> [WHAT TO PRODUCE] Could you set down the lines from the first line of the entries below through the line with "Een moderne keuken", exactly and with no pictures?
○ ○ ○ ○
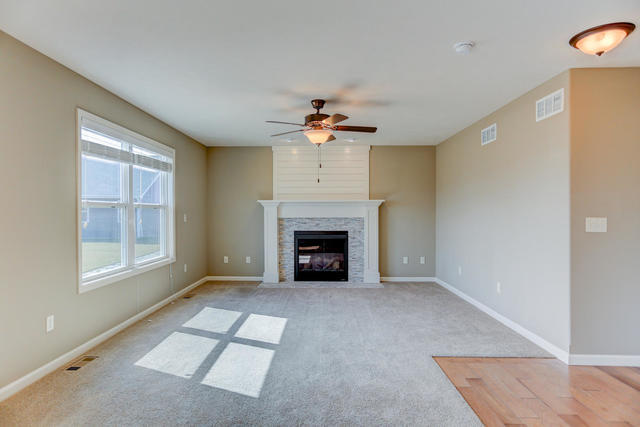 2003 Rylan Road Mahomet, IL 61853 - Photo 12 of 41 an empty room with windows and fireplace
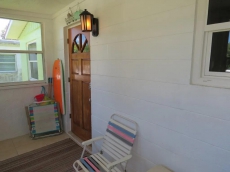 Pet Friendly 2 bedroom 2 bath home with large fenced yard only a short walk to beach.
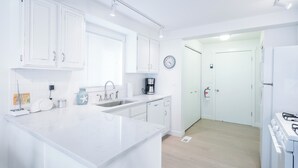Een moderne keuken met witte kasten, een centraal eiland, een ingebouwde oven en een koffiezetapparaat.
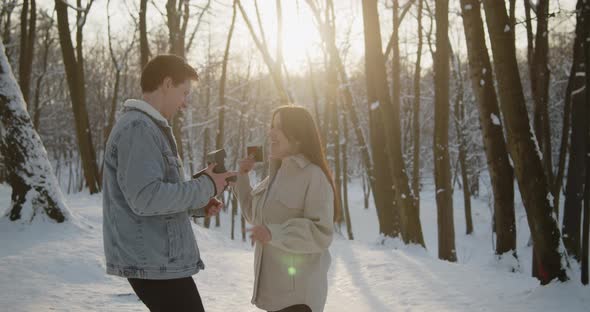 Happy Young Beautiful Couple Spend Time in Sunny Winter Forest Together alt
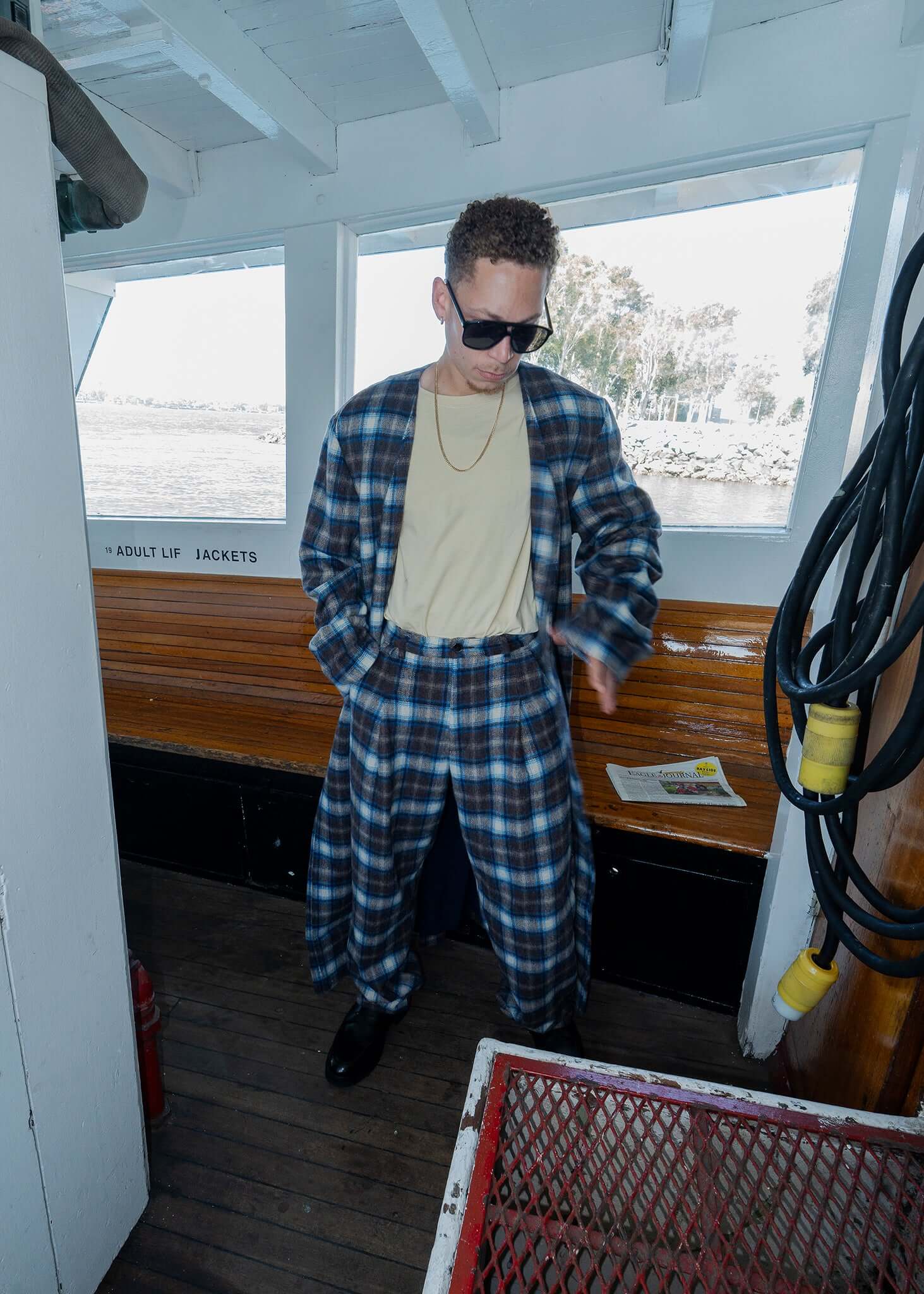 Model wearing a plaid collarless long coat with a matching outfit, showcasing modern street style and elegance.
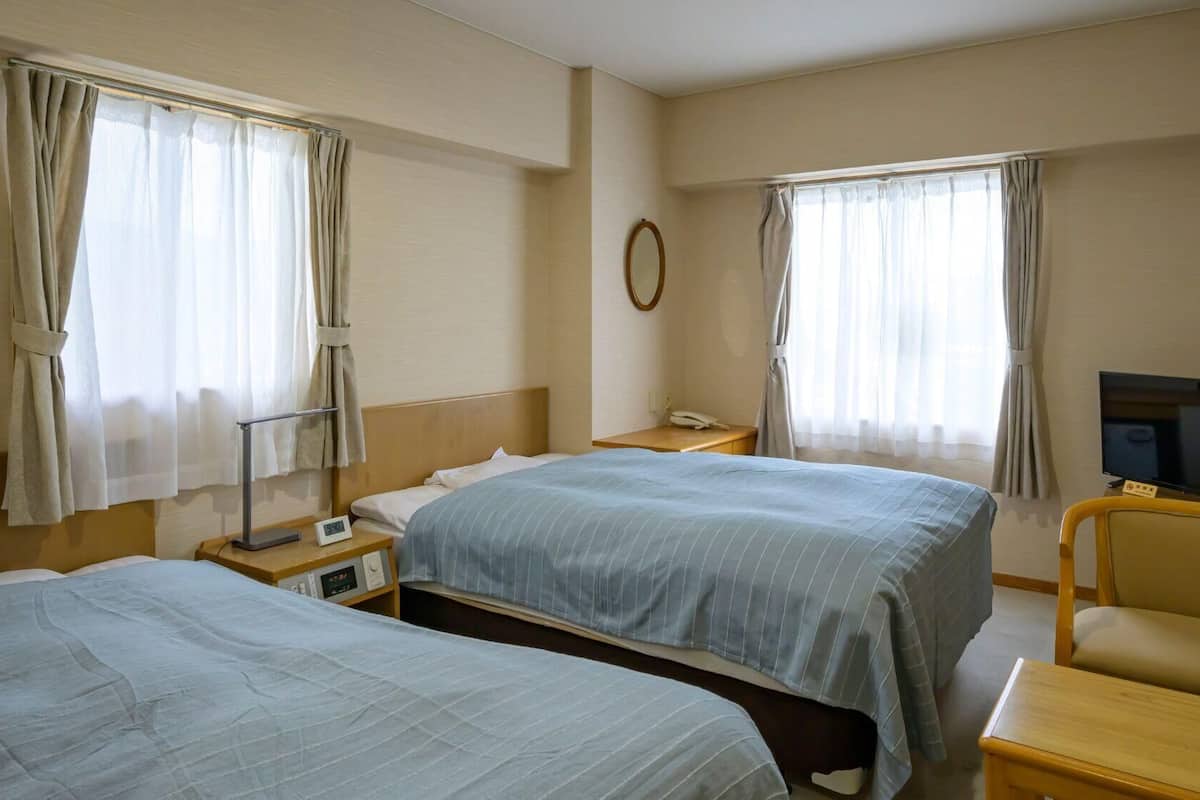 A hotel room with two beds, a TV, a desk, and a chair.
○ ○ ○ ○
> [OUTPUT FOR THIS EXERCISE]
 2003 Rylan Road Mahomet, IL 61853 - Photo 12 of 41 an empty room with windows and fireplace
 Pet Friendly 2 bedroom 2 bath home with large fenced yard only a short walk to beach.
Een moderne keuken met witte kasten, een centraal eiland, een ingebouwde oven en een koffiezetapparaat.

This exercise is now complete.